Die Klima-Zeche

Von Irmgard Kirchner · · 2009/10

Auch wenn es einen Weg aus der drohenden Klimakatastrophe gibt, scheint es schwierig, ihn entschlossen einzuschlagen.

Überschwemmungen in der Sahelzone, Dürren in Nordindien in der Monsunzeit, Flamingos, die neuerdings auch den Winter über in der Camargue bleiben (und dort den Reisanbau gefährden): Nur ein paar Beispiele für sichtbare Anzeichen des Klimawandels – drei Monate vor der entscheidenden Klimakonferenz in Kopenhagen im Dezember. In der EU gibt es spürbare Anzeichen für politische Maßnahmen. Den Automobilherstellern wird ein maximaler CO2-Ausstoß für ihre neuen Fabrikate verordnet und besonders ineffiziente Glühbirnen verschwinden schrittweise vom Markt.

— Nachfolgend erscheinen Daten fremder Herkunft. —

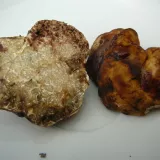 Bělolanýž obecný (Choiromyces maeandriformis) od Tony52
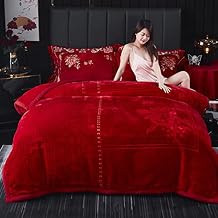 LGYKUMEG Korean Mink Blanket 79" X 91",Luxury Warm Winter Blankets,2 Plyreversible Silky Soft Plush Warm Blanket 9 Lbwinter Blanket,E,200 * 230cm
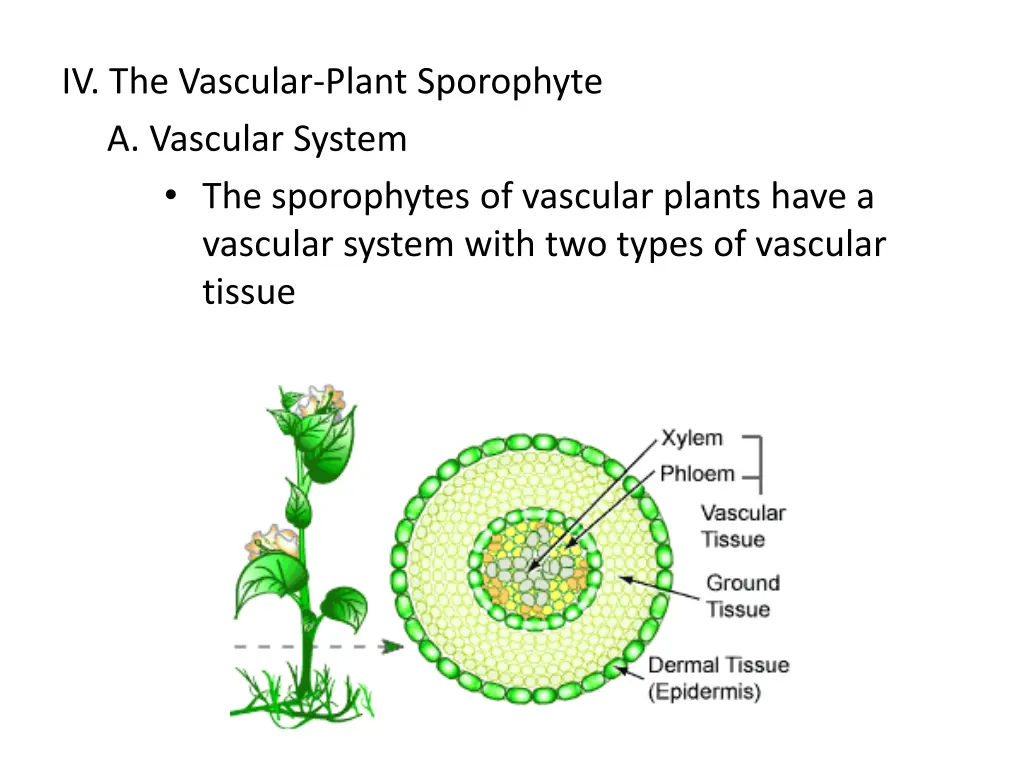 iv the vascular plant sporophyte a vascular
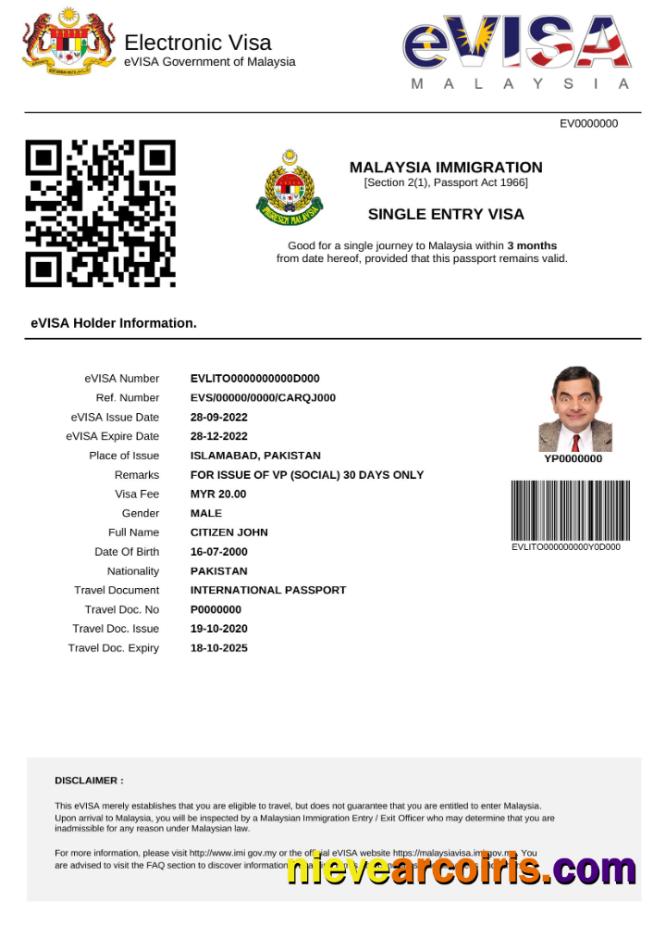 Professional Malaysia E Visa In Word And PDF Template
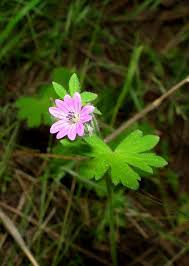 Attēlu rezultāti vaicājumam “Geranium molle”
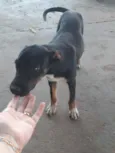 Não sei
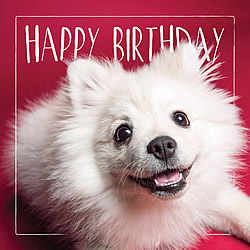 Happy Birthday Card (Pomeranian)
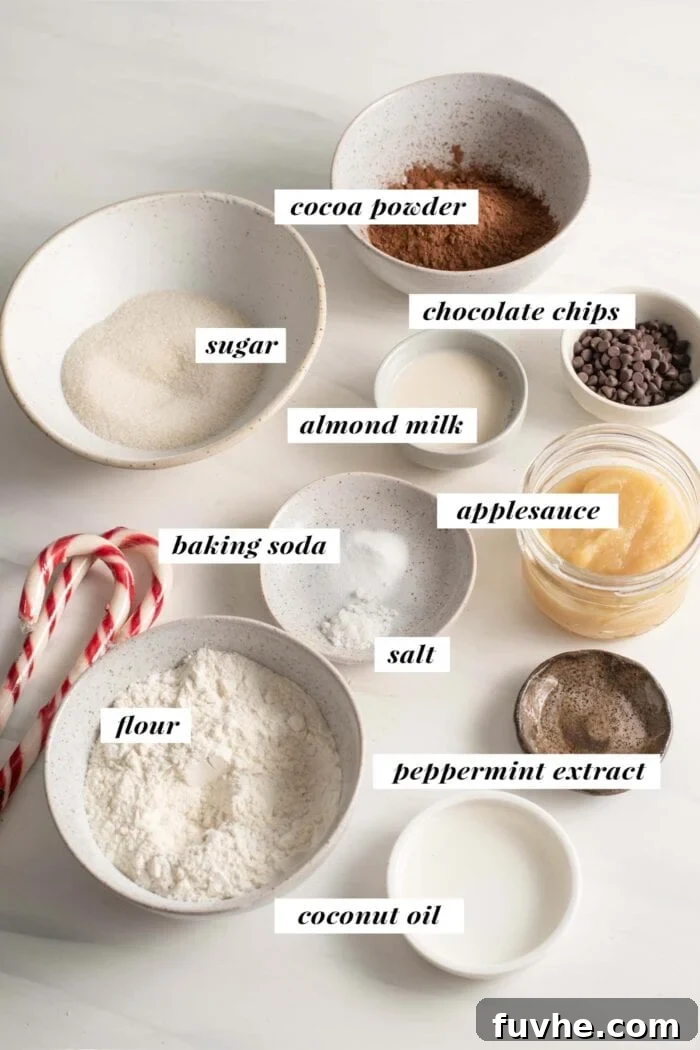 Irresistible Vegan Chocolate Peppermint Delights 3 Visual array of fresh, high-quality ingredients needed to create delicious vegan chocolate peppermint cookies.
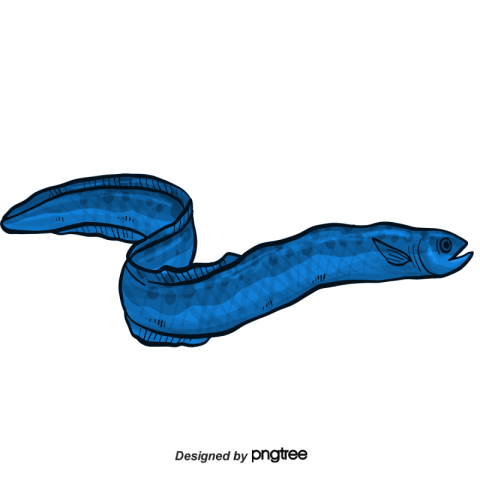 Cartoon fish eel PNG Free Download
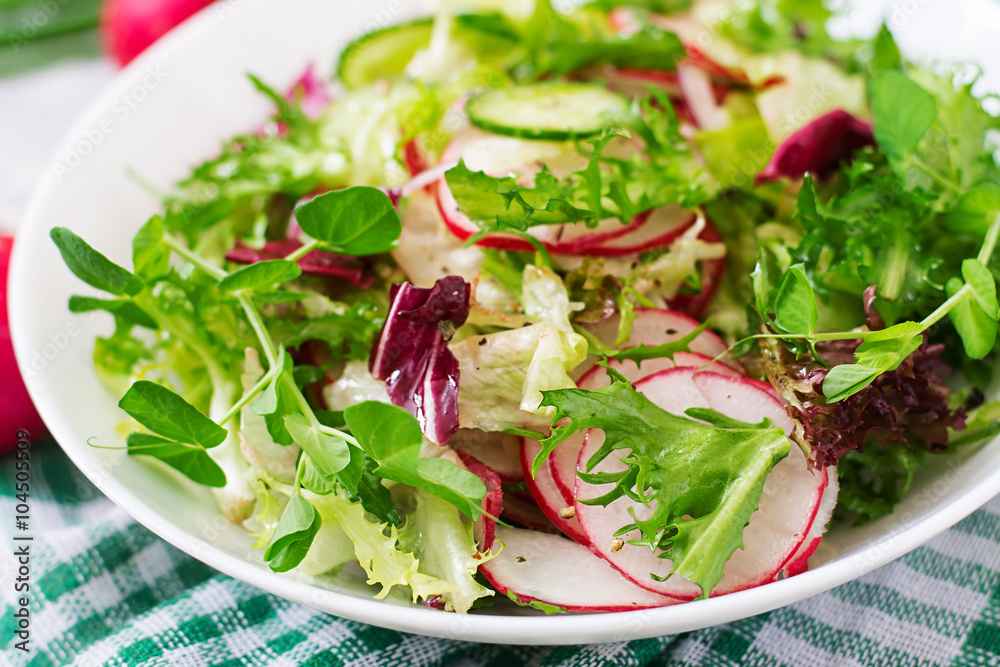 Fresh salad of cucumbers, radishes and herbs Fresh salad of cucumbers, radishes and herbs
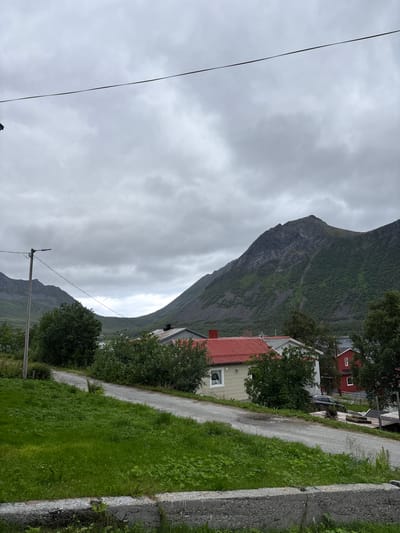 The image captures a view in Gryllefjorden, Norway, under an overcast sky. A paved road curves through the foreground, flanked by lush green grass. In the middle ground, several houses are visible, characterized by red and light-colored roofs. A prominent house with a red roof and light-colored siding stands out. Beyond the houses, dense green trees and vegetation cover the lower slopes of a large, rugged mountain that dominates the background. The mountain's peak is shrouded in clouds, and its rocky, verdant terrain suggests a wild, natural environment. A utility pole with a light fixture is positioned on the left side of the road, with power lines extending across the frame. The scene conveys a sense of rural tranquility within a dramatic mountainous landscape.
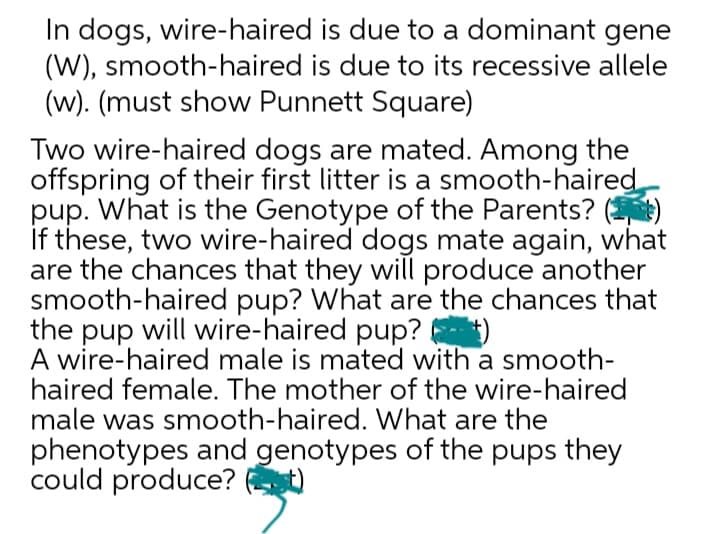In dogs, wire-haired
is due to a dominant gene
(W), smooth-haired is due to its recessive allele
(w). (must show Punnett Square)
Two wire-haired dogs are mated. Among the
offspring of their first litter is a smooth-haired
pup. What is the Genotype of the Parents? ()
If these, two wire-haired dogs mate again, what
are the chances that they will produce another
smooth-haired pup? What are the chances that
the pup will wire-haired pup? (+)
A wire-haired male is mated with a smooth-
haired female. The mother of the wire-haired
male was smooth-haired. What are the
phenotypes and genotypes of the pups they
could produce? (t)
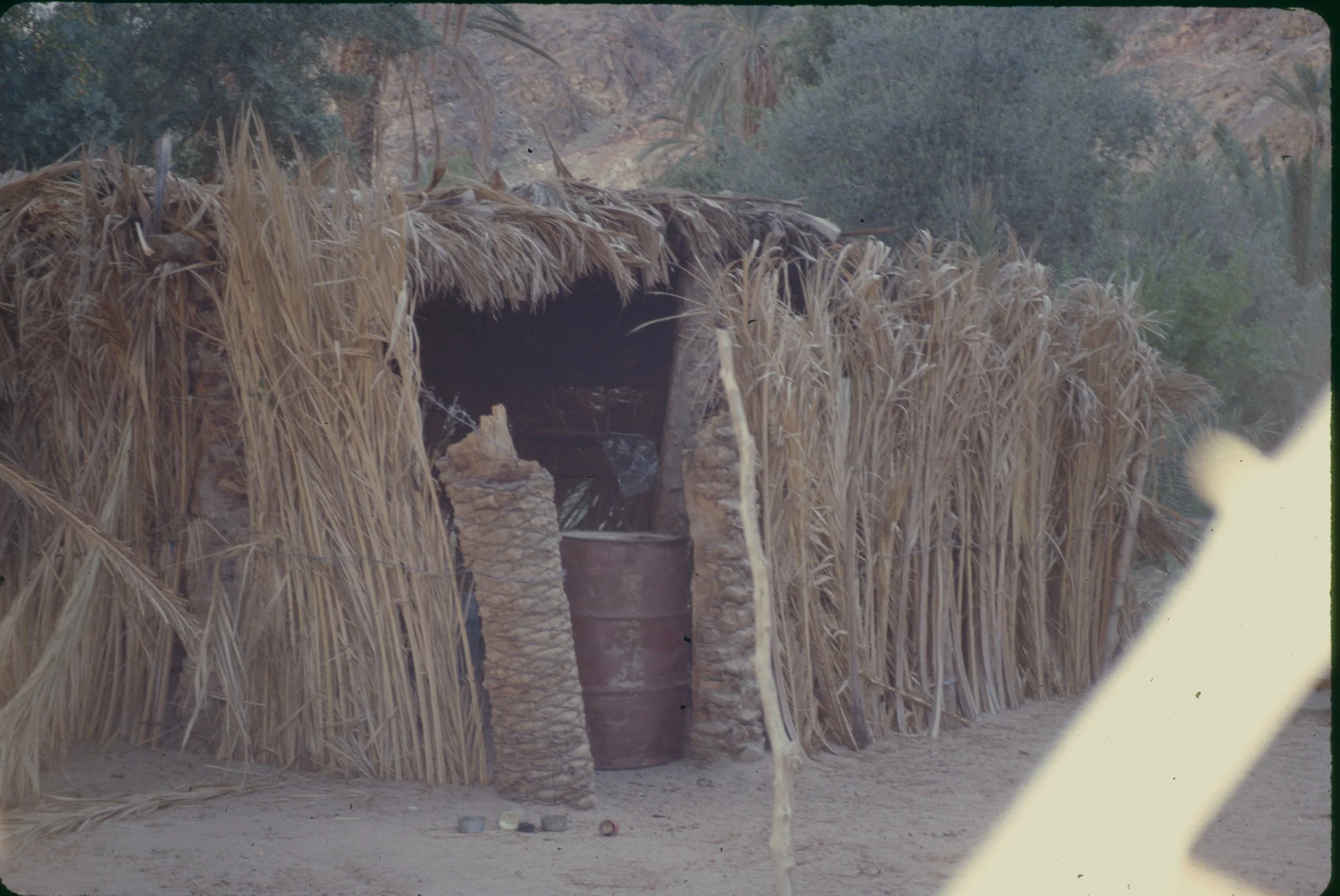 paulandcarreenegypt1997-17.JPG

Es wird also reagiert und agiert, doch die Dimension der Maßnahmen, die notwendig sind, um die Erderwärmung bis 2050 auf plus 2 Grad zu beschränken, geht hart an die Grenze unseres Vorstellungsvermögens. Die Klimadiskussion ist vor allem eine ethische Riesen-Herausforderung. Wer verschmutzt(e) die gemeinsame Atmosphäre, wer profitiert davon, wer leidet als Erster und am stärksten darunter? Wie lange zurück soll die historische Schuld gerechnet werden? Geht die mögliche Rettung des Planeten auf Kosten der Entwicklung der ärmsten Länder? Wird die unerträgliche globale Ungleichheit mit dem Argument des Klimaschutzes auf unbestimmte Zeit festgeschrieben?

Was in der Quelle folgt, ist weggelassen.